# Boost the Performance of Graph Analytics Workloads

Published: 05/22/2019

Last Updated: 05/22/2019

### Analyze the Graph Benchmarks on Intel® Xeon® Processors

Stijn Eyerman, Wim Heirman, and Kristof Du Bois, research scientists, and Joshua B. Fryman and Ibrahim Hur, principal engineers, Intel Corporation
@IntelDevTools

A graph is an intuitive way of representing a big data set and the relationships between its elements. Each vertex represents an element, and edges connect related elements. Representing data sets as a graph means you can build on the rich history of graph theory. And there are a variety of algorithms to extract useful information from a graph. This article explores the implementation characteristics of basic graph analysis algorithms and how they perform on Intel® Xeon® processors.

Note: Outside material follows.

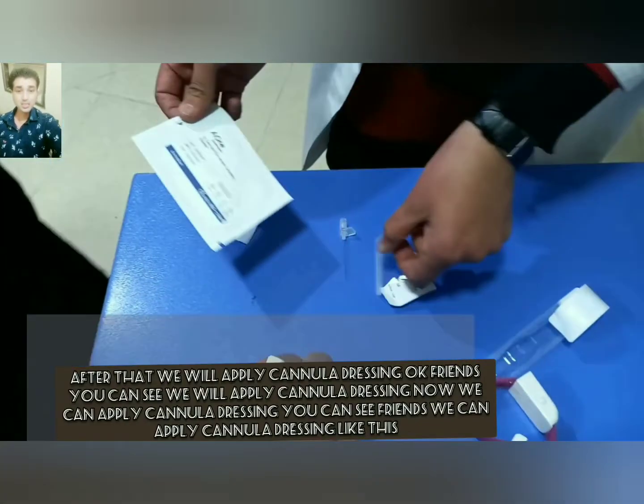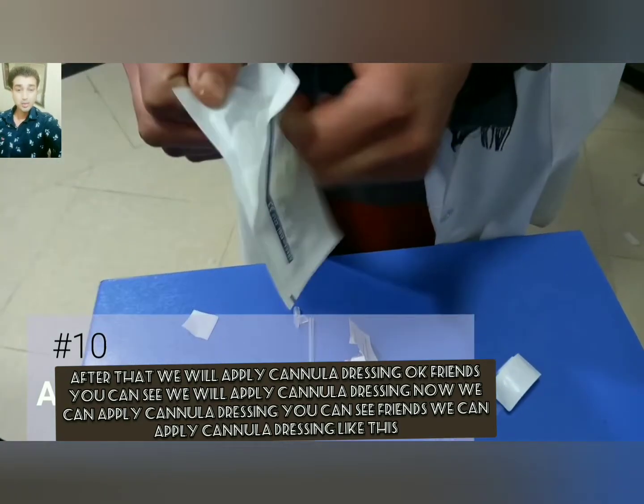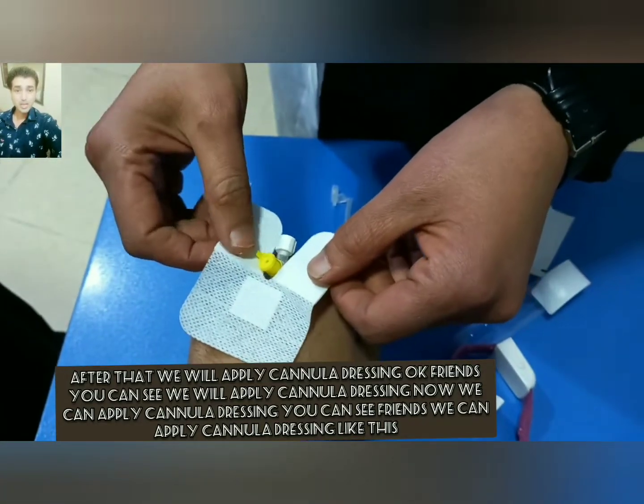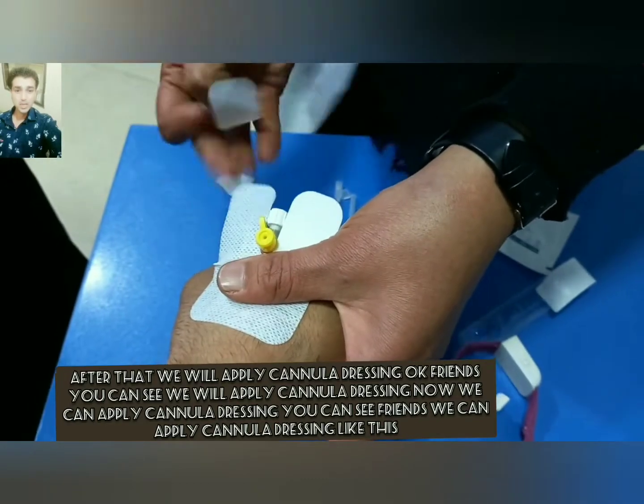After that, we will apply the cannula dressing. You can see we apply the cannula dressing like this.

## Graphs and Graph Analytics

A graph is a structured representation of a data set with relationships between elements. Each element is represented as a vertex, and relationships between elements are shown as an edge between two vertices. Both vertices and edges can have attributes representing either the characteristics of the element or the relationship. The vertices to which a vertex is connected through edges are called its neighbors. The number of neighbors is called the degree of a vertex.

Graph analysis applications extract characteristics from a graph (or multiple graphs) that provide useful information, such as:

• Vertices with specific features
• The shortest path between vertices
• Clusters of vertices
• Higher-order relationships among vertices

With the growing availability of big data sets and the need to extract useful information from them, graph analytics applications are becoming an important workload, both in the data center and at the edge.

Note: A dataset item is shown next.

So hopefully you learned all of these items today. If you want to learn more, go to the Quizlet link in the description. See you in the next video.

This study uses the GAP Benchmark Suite,1 a set of common graph algorithms implemented in C++ and optimized by researchers at the University of California, Berkeley for performance on shared memory multicore processors (Table 1). GAP performance is evaluated on a server that's based on the Intel Xeon processor and investigate opportunities to further improve performance.

Table 1. GAP Benchmark Suite overview

Algorithm Abbreviation What it Does
PageRank* pr Calculates the popularity of a vertex by aggregating the popularity of its neighbors
Triangle counting tc Counts the number of triangles (three vertices that are fully connected)
Connected components cc Splits the graph into subgraphs with no edges between them
Single-source shortest path sssp Calculates the shortest path from one vertex to all others
Betweenness centrality bc Calculates the centrality of a vertex, determined by how many shortest paths go through it

## Characteristics of Graph Algorithms

Graph algorithms pose challenging behavior for conventional processor architectures. A typical operation is to fetch the attributes of all neighbors of a vertex. The list of neighbors, determined by the topology of the graph, is usually irregular. This leads to sparse memory accesses―accessing individual elements scattered on a large data structure. Sparse memory accesses have no locality, leading to poor cache use.

Fetching the attributes of the neighbors means using indirect accesses. For example, if N is the array of neighbors of a vertex, and A the array containing the attributes, the attribute of neighbor i is accessed by A[N[i]]. This pattern is difficult to predict and to vectorize, which leads to an underuse of the available compute and memory resources.

Alternatively, graph algorithms generally have a lot of parallelism. The set of algorithms in the GAP suite fall into two categories in terms of parallelism. The first category consists of algorithms that operate on all vertices concurrently (pr, tc, and cc). They have abundant parallelism and can be run across many threads. Their parallelism is only limited by the size of the graph.

The second category is front-based algorithms where, at each iteration, a subset of vertices is analyzed (the current front) and a new front is defined to be processed in the next iteration (bfs, sssp, and bc). These algorithms usually start with a front containing a single vertex. The next front consists of its neighbors, and then the neighbors of these neighbors, and so on. In the first iterations, the size of the front (and consequently the parallelism that can be exploited) is limited. Also, each iteration ends with a global barrier, which creates additional synchronization overhead. These algorithms scale worse with increasing thread count, especially on smaller graphs.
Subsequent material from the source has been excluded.